-------- Input material --------

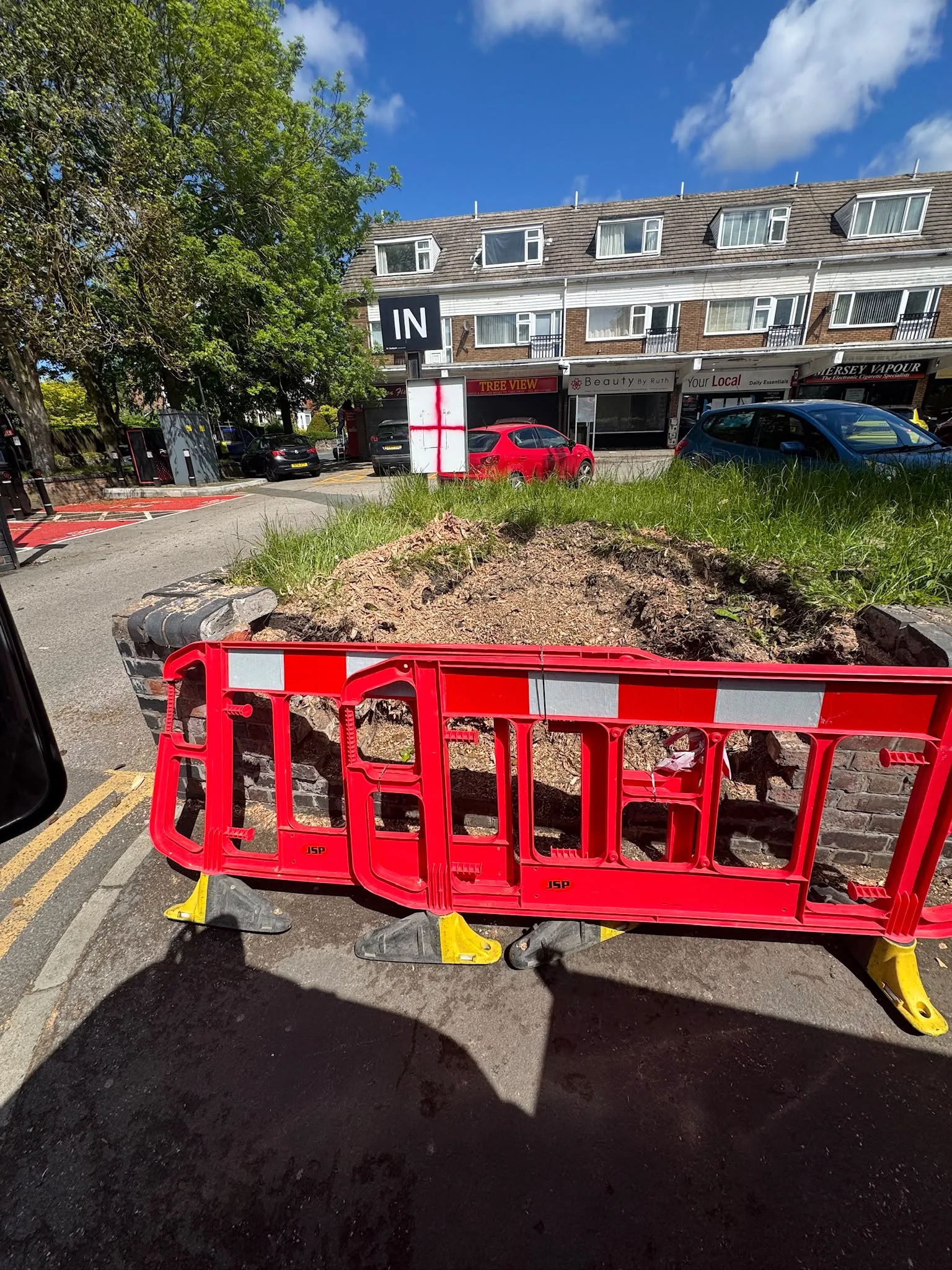 A work area cordoned off with pedestrian barriers on a residential street during tree works
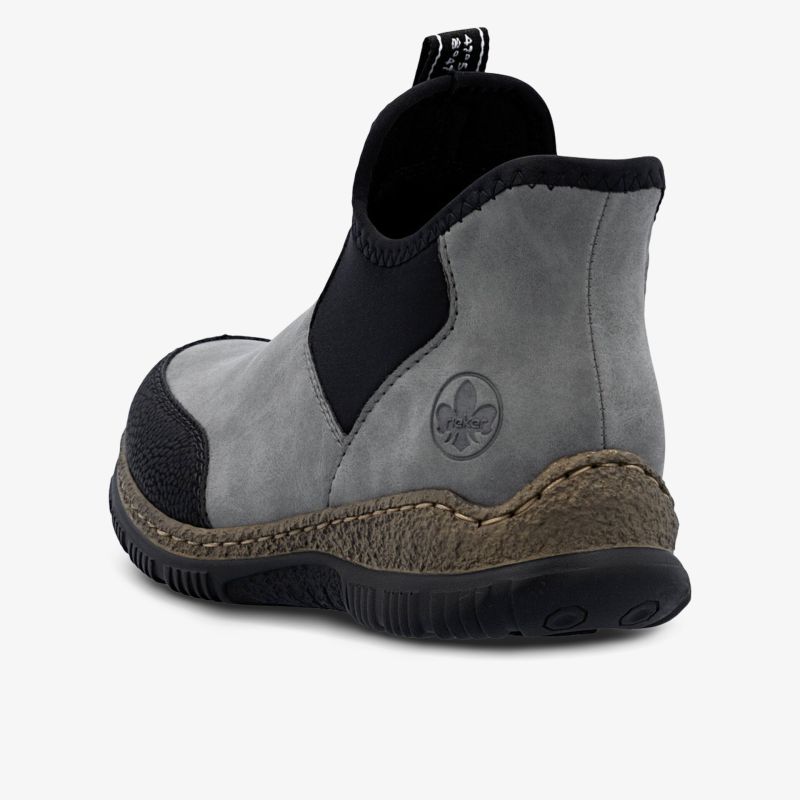 Robuster grauer Schuh mit elastischem Einsatz und profilierter rutschfester Sohle, ideal für Alltag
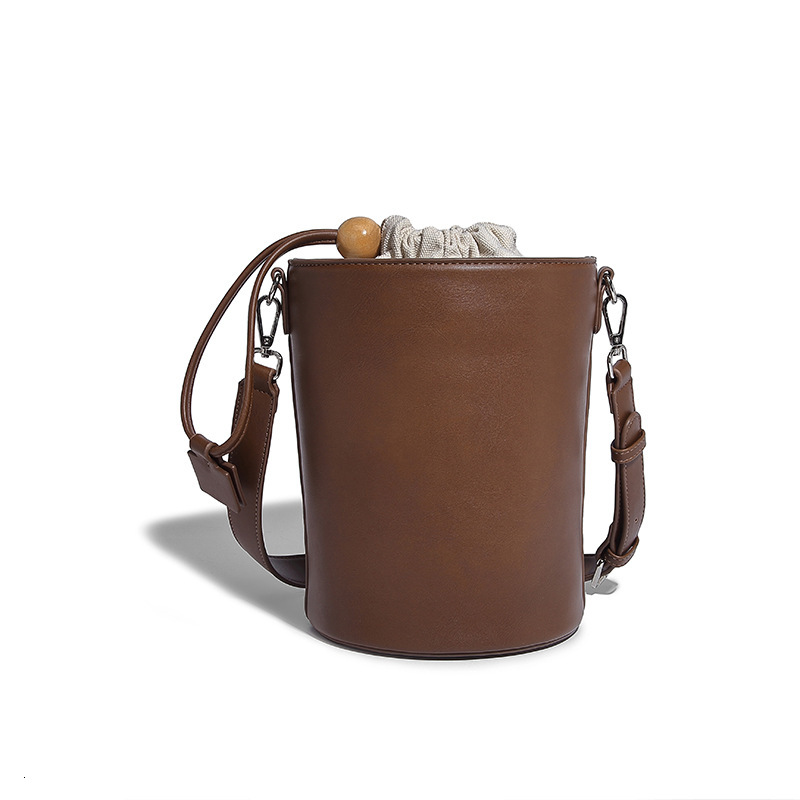New Solid Color Drawstring Mini Bucket for Women 2024 Commuter Cylinder Texture Single Shoulder Handheld Crossbody Bag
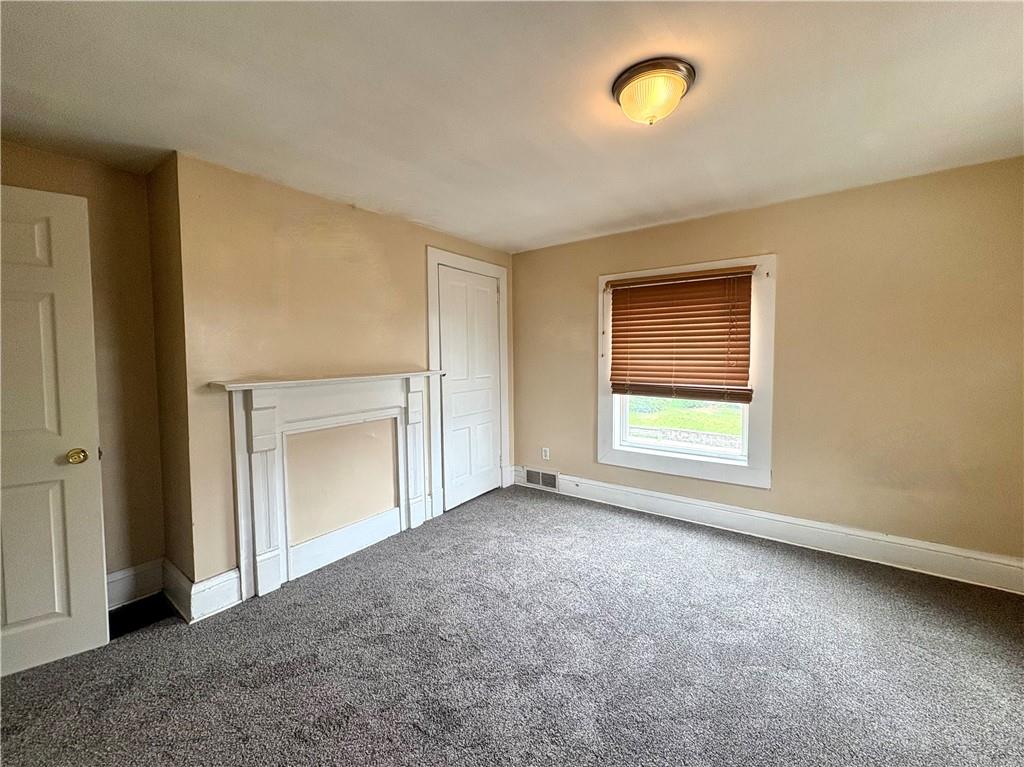 442 Park Street Rochester, PA 15074 - Photo 15 of 31 an empty room with windows and closet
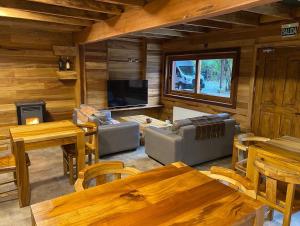 ein Wohnzimmer mit Holzwänden und Tischen sowie einem TV in der Unterkunft Illi Lodge & Hostel in Ranco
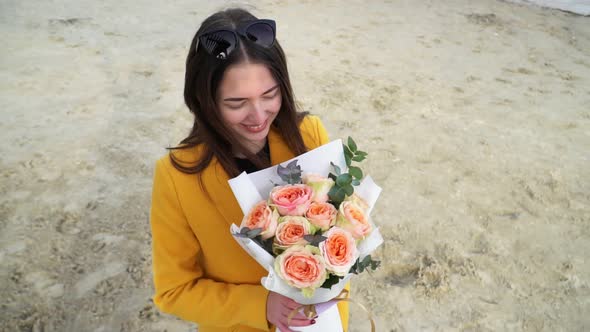 Girl Happily Dancing with Bouquet of Roses Bombastic in Yellow Coat, Close Up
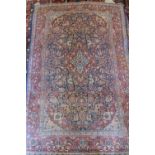 An antique Persian rug with central medallion on a blue floral ground and multi-borders in shades of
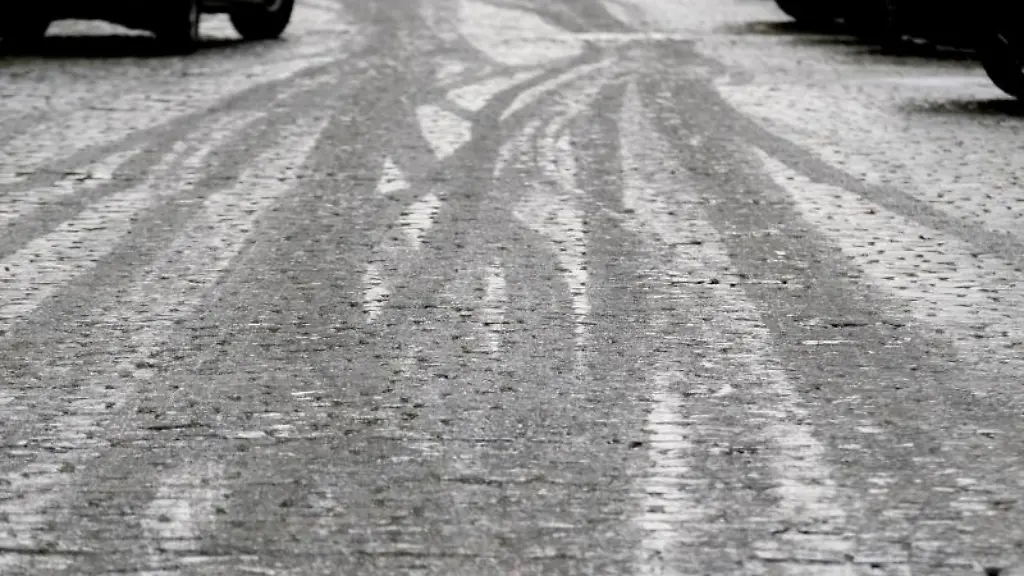 Fahrspuren-zeichnen-sich-im-Eis-auf-einer-Fahrbahn-ab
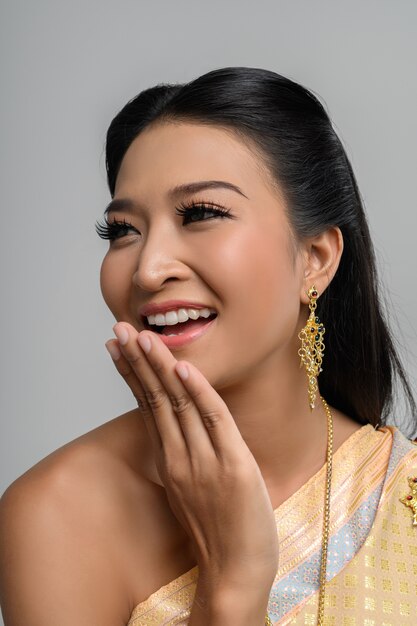 Belle femme thaïlandaise vêtue d'une robe thaïlandaise et d'un sourire heureux.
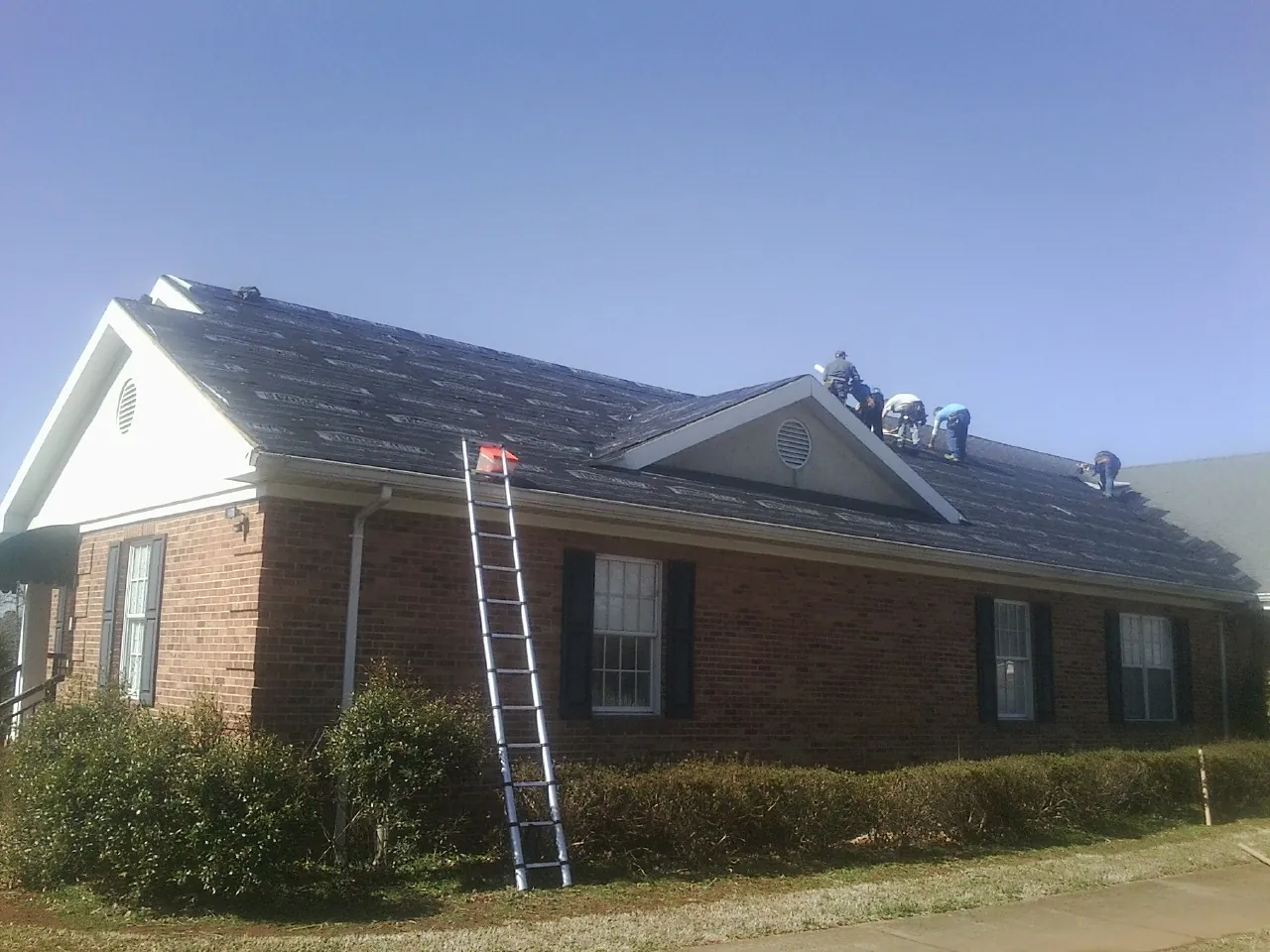 Crew tearing shingles off a brick ranch roof with a ladder set — Metal Roof Repair work by our crew in Bosque Farms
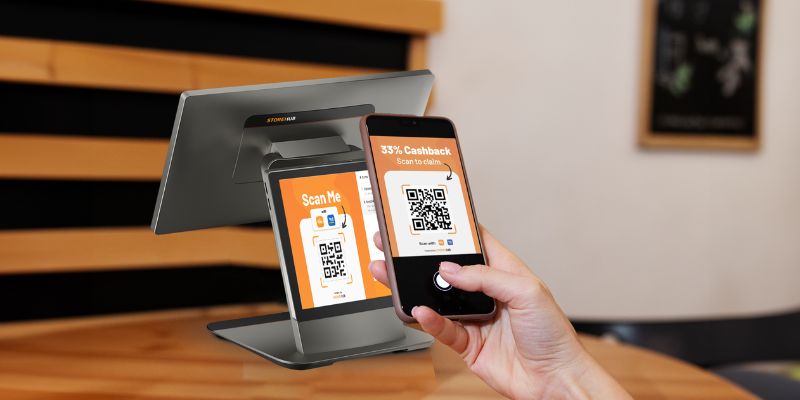 A customer claiming their cashback on the StoreHub POS system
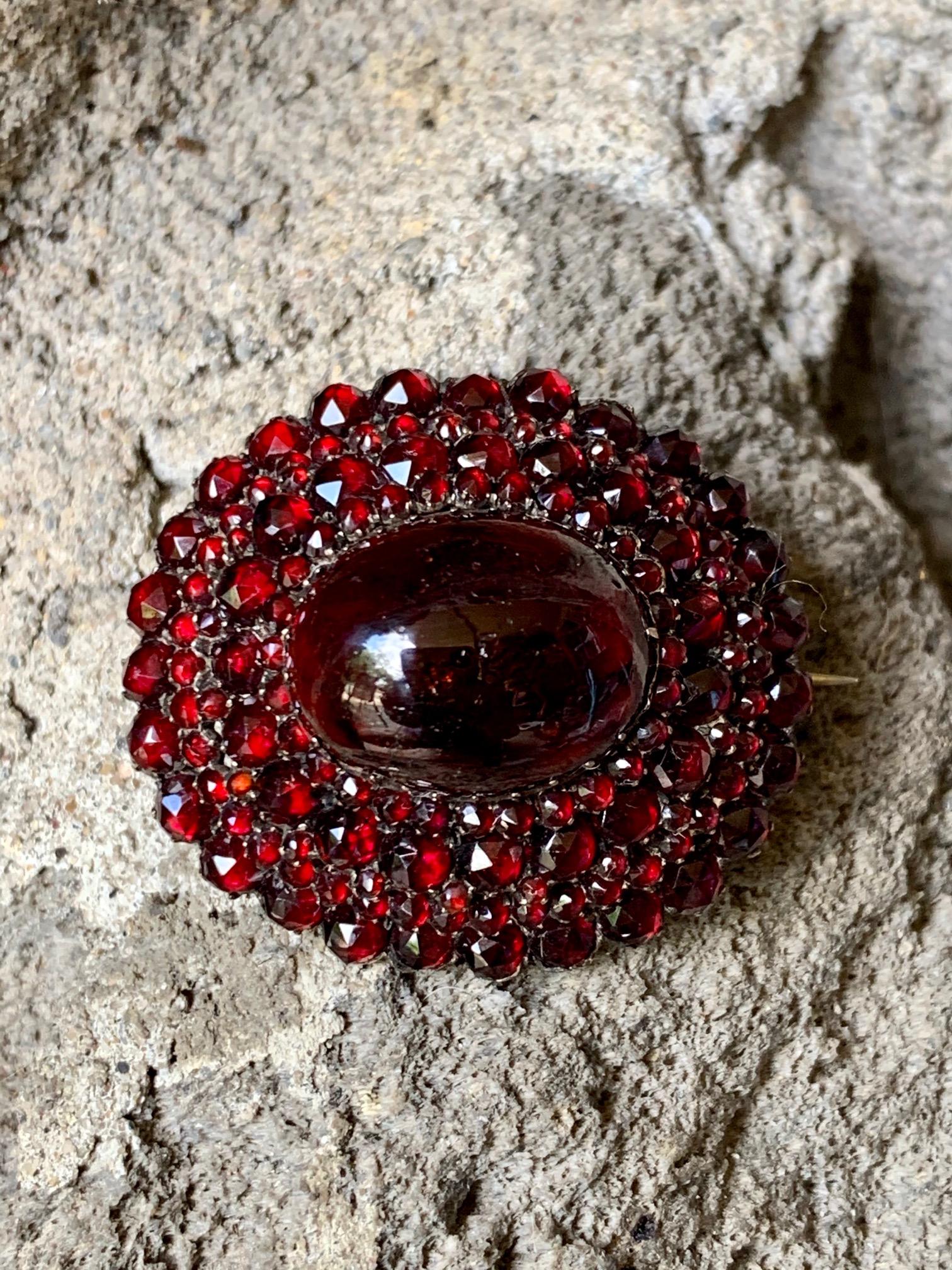 This beautiful oval, 20 x 15mm Garnet cabochon is surrounded by a multitude of faceted Garnets.  The brooch measures 40 x 35mm.

Weight:  14 grams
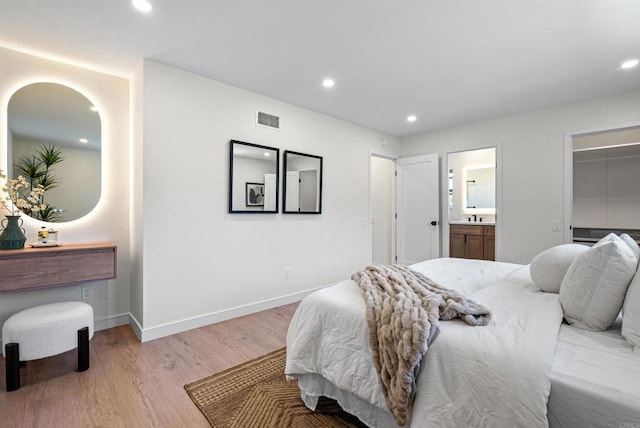 4687 Murat Ct, San Diego, CA 92117 - bedroom with light wood-type flooring, recessed lighting, ensuite bathroom, and a spacious closet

--------

**Your goal:** Only the line with "New Solid Color" and those preceding it, back to the first line of the entries, should be repeated exactly, without pictures.

**Response to the task:**
 A work area cordoned off with pedestrian barriers on a residential street during tree works
 Robuster grauer Schuh mit elastischem Einsatz und profilierter rutschfester Sohle, ideal für Alltag
New Solid Color Drawstring Mini Bucket for Women 2024 Commuter Cylinder Texture Single Shoulder Handheld Crossbody Bag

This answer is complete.